We also had care workers who, in countries like Zimbabwe, are undertaking a huge amount of care work in our communities. They do it out of love for their people, but governments are taking advantage of this by not paying them and not providing sufficient doctors, nurses and healthcare facilities in communities. This is unpaid labour that subsidises the state. The exploitation of care workers must end.

We as rural women also interrogated the model that is driving the FISP programmes, which is the Green Revolution model that is all about getting farmers to use inputs produced by multinational corporations and growing their profits. Farmer input subsidy programmes are a conduit for increased use of fertiliser and pesticides, as governments are adopting these elements wholesale and impose them on farmers. What we need is a more flexible approach that is based on farmers’ particular contexts and needs.

We do not want the model of agriculture that is being imposed on us through FISPs. As rural women, we have our own alternatives. The speak out showed that women are reclaiming what is ours. We will not wait for the government to push these alternatives – we are already creating them, we just need the space and the support to take them further.

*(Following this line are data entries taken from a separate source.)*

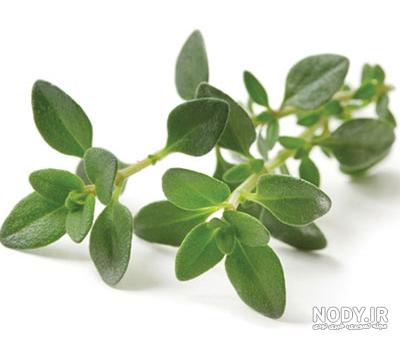 نگاهی به خواص عرق آویشن + راهکاری آسان برای تقویت بینایی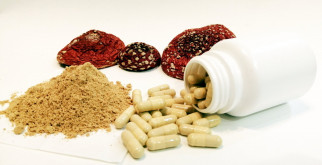 Косули: Очарование лесных граций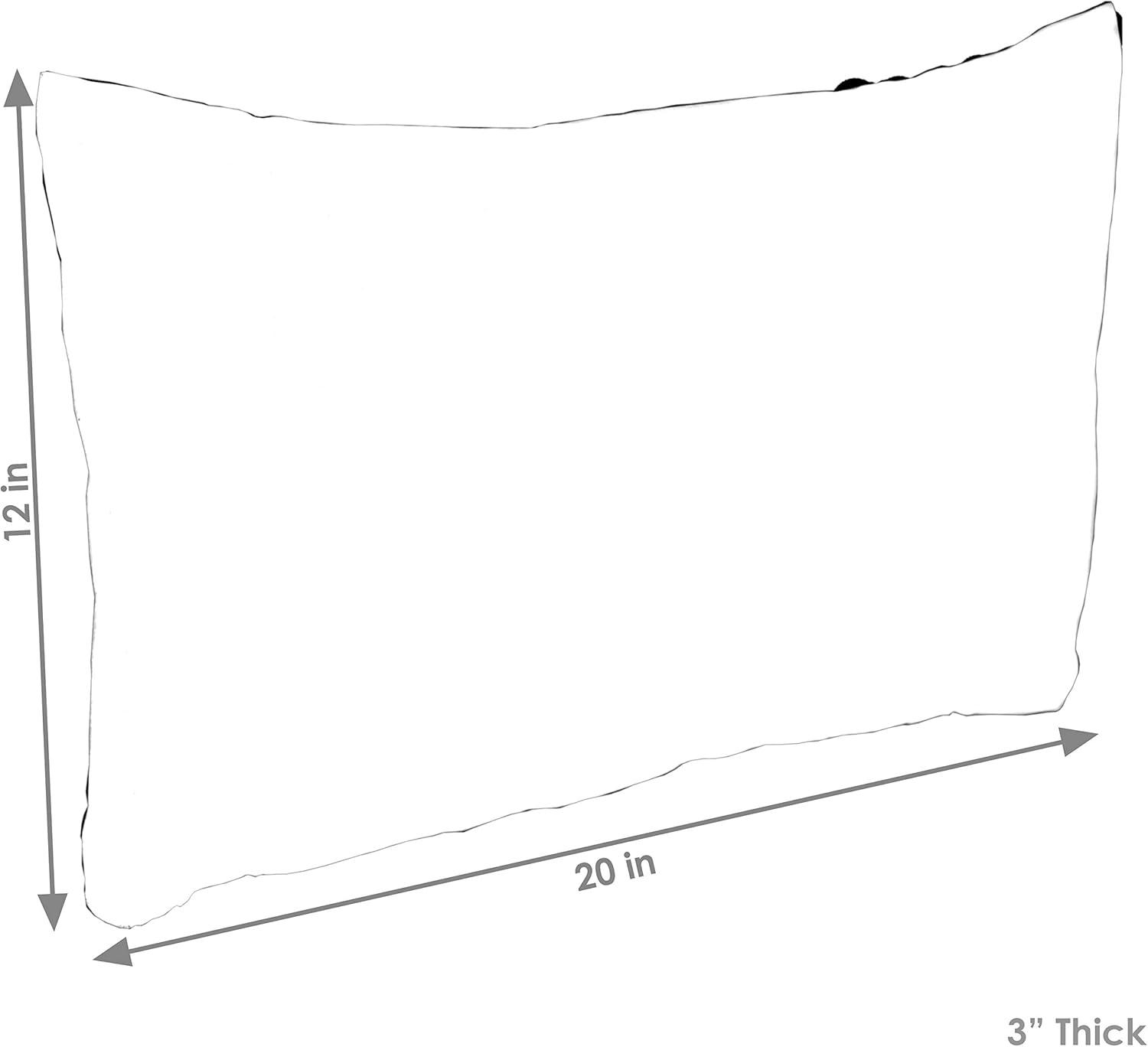 SunnyDaze Decor Indoor/Outdoor Throw Pillow (Set of 2)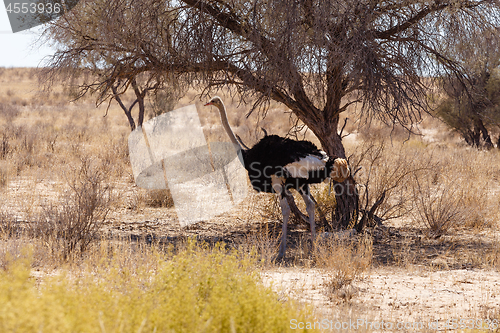 Image of Ostrich (Struthio camelus), Kgalagadi, South Africa, safari wildlife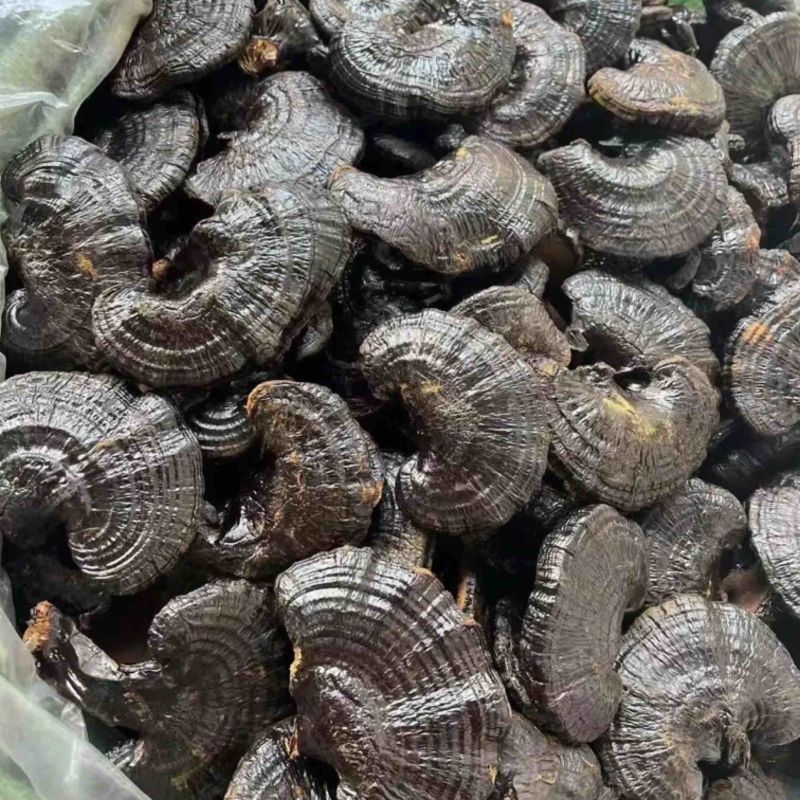 黑灵芝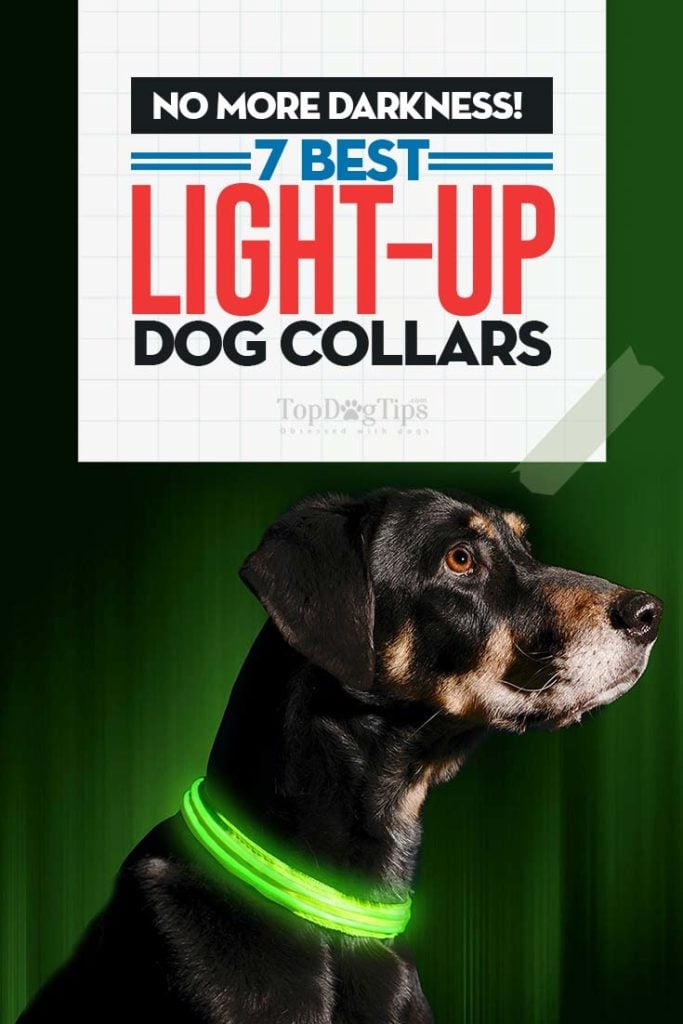 Best Rated Light Up Dog Collars 2020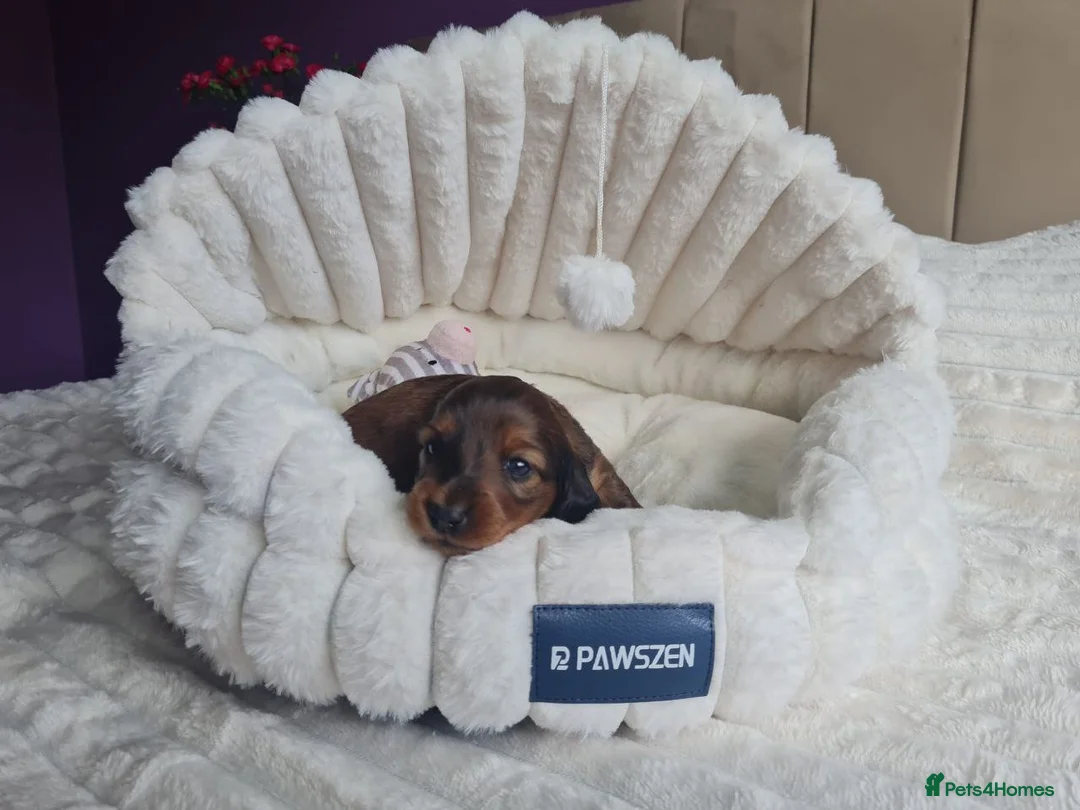 Miniature Dachshund dogs for sale: Beautiful Miniature Dachshund puppies in Edinburgh - Advert 2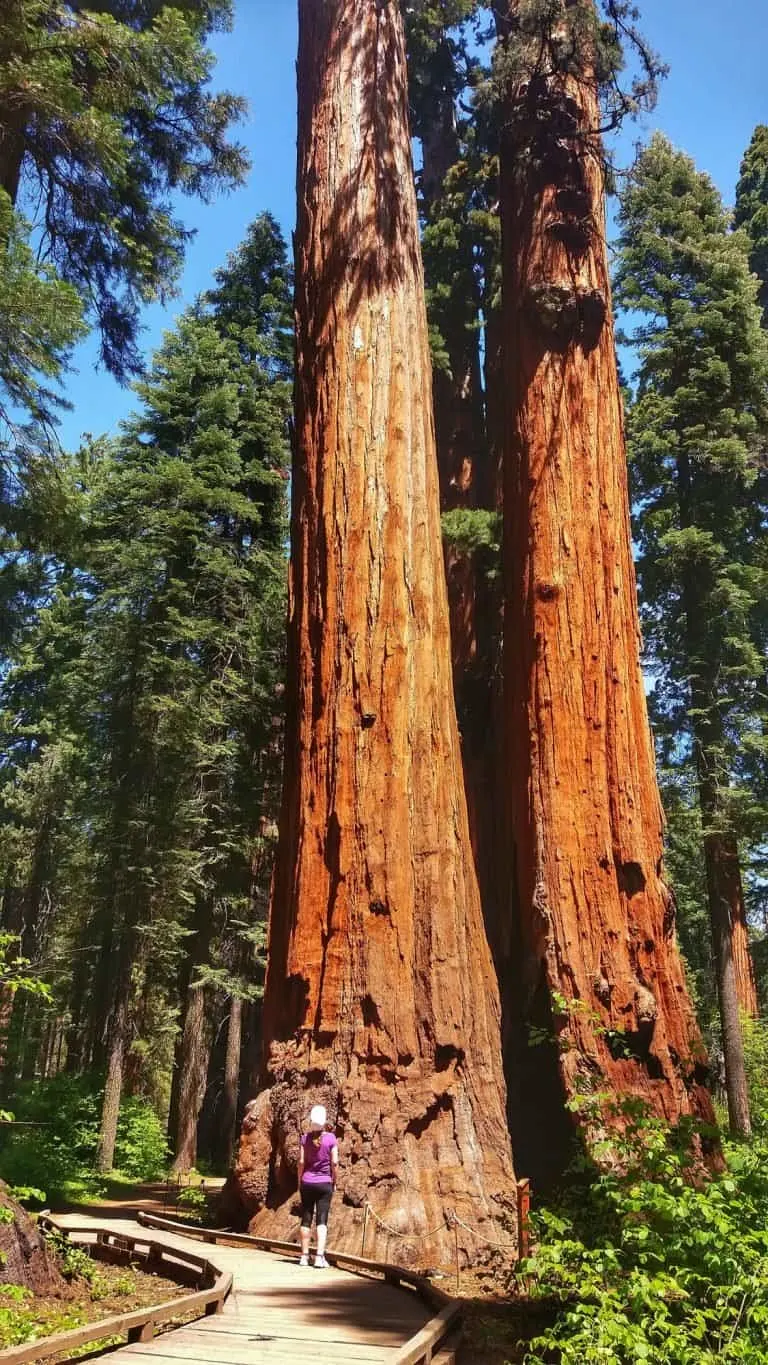 Calaveras Big Trees State Park is one of the best state parks in the USA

We, therefore, demand to the SADC Heads of States that they re-think and transform FISPS in the ways outlined below:

  • FISP must distribute indigenous varieties of seed that suit particular areas, nutritional needs and farmer preferences
  • Phase out the use of chemical fertilisers and encourage the use of alternative sources of fertilisation like animal manure
  • In the context of climate change, FISP should focus on building resilience, which rests on indigenous and diverse seed supplies.
  • As the majority of the population in Africa, rural women farmers must be consulted on all policies affecting them
  • Over and above handing out inputs governments should support value addition for agricultural products produced by small farmers.
  • Equivalent value should be given to indigenous seeds and small grains and should be as easily available for farmers to buy as hybrid seeds are.
  • Governments must invest in infrastructure and research for the farming of indigenous and small grain crops, just like they do for industrial farming
  • Governments must increase agricultural budgets to 10% of their national budgets as per the Maputo Declaration. They should use this increase to purchase agricultural equipment and improve infrastructure for farmers like irrigation, cleaning irrigation canals, and so on. That is, governments must invest in their own countries’ agriculture rather than trying to attract global corporations to invest in the agricultural sector, which just imposes the industrial model of agriculture and dispossess women of land and seed.
  • Input subsidies must stop feeding corporate profits and must be used to support seed multiplication, growth and distribution of locally grown crops for soil health, and diverse forms of agricultural practice that supports agroecology.
  • Rather than throwing chemical fertilisers and pesticides at farmers as solutions to all their challenges, extension policies and practice must be based on working democratically with farmers to understand and address their challenges in ways that also creates spaces for farmers to learn from each other.
  • Women still face unequal access to land and governments must address this by ensuring they have full rights to land and are fully able to access support for their farming practices
  • Rather than using the FISPS to promote the Green Revolution, governments must promote and support agroecology. This includes supporting the building of local seed banks for indigenous varieties. As rural women, we must have the same rights to produce our own seeds as those given to multinational seed corporations. We want to produce, to store and to multiply our seeds.
  • We demand the formalisation of care work now, the full employment of all care workers, and the provision of protective clothing to care workers.
  • Contract farming as a modern form of slavery must be ended and governments must instead provide farmers with the finance, support and access to markets that they need. Governments must, therefore, increase finance for agriculture in line with the Maputo Declaration, as it is the backbone of our economies.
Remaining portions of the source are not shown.